====== RAW DATA ======

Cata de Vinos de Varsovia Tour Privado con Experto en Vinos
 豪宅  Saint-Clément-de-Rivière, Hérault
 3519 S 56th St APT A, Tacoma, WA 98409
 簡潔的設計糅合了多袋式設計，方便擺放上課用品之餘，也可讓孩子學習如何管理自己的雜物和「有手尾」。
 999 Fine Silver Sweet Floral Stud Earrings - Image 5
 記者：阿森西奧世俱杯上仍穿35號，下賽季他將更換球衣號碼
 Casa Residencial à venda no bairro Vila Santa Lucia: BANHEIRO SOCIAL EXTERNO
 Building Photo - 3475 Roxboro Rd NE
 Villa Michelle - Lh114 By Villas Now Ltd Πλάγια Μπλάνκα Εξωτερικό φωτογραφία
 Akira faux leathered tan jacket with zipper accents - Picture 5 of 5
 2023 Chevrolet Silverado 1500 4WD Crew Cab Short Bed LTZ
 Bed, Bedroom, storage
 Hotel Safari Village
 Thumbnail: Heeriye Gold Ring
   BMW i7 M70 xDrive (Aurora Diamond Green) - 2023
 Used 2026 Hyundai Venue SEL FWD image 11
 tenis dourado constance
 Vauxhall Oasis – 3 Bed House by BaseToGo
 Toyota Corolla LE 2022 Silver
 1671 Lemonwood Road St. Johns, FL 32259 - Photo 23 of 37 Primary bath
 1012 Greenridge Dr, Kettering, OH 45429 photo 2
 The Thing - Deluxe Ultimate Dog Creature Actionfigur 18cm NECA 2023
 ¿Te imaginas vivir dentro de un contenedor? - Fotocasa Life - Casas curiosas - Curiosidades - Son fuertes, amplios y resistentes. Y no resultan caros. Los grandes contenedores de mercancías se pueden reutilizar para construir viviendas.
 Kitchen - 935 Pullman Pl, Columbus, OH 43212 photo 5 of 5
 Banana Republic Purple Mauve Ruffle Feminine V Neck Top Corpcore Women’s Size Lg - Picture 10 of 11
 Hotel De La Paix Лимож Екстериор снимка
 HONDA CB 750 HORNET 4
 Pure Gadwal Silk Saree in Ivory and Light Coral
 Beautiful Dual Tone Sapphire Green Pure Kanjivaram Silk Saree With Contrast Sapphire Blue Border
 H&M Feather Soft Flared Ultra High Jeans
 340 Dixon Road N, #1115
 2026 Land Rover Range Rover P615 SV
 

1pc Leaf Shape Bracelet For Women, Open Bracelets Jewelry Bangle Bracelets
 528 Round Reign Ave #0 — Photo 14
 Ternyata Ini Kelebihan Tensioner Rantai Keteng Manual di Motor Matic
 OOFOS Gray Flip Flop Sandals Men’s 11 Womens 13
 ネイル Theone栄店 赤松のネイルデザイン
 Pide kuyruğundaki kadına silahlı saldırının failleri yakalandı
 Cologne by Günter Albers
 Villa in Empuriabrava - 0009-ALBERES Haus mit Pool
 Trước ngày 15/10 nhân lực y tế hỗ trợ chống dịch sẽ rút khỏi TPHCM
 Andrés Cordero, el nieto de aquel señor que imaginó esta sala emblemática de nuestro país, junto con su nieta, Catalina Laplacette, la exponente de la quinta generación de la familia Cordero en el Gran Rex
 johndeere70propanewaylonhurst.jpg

======

◆ **ASSIGNMENT**
Across the entries above, tally the lines that contain the string "Road" and give that figure alone.

◆ **TASK ANSWER**
2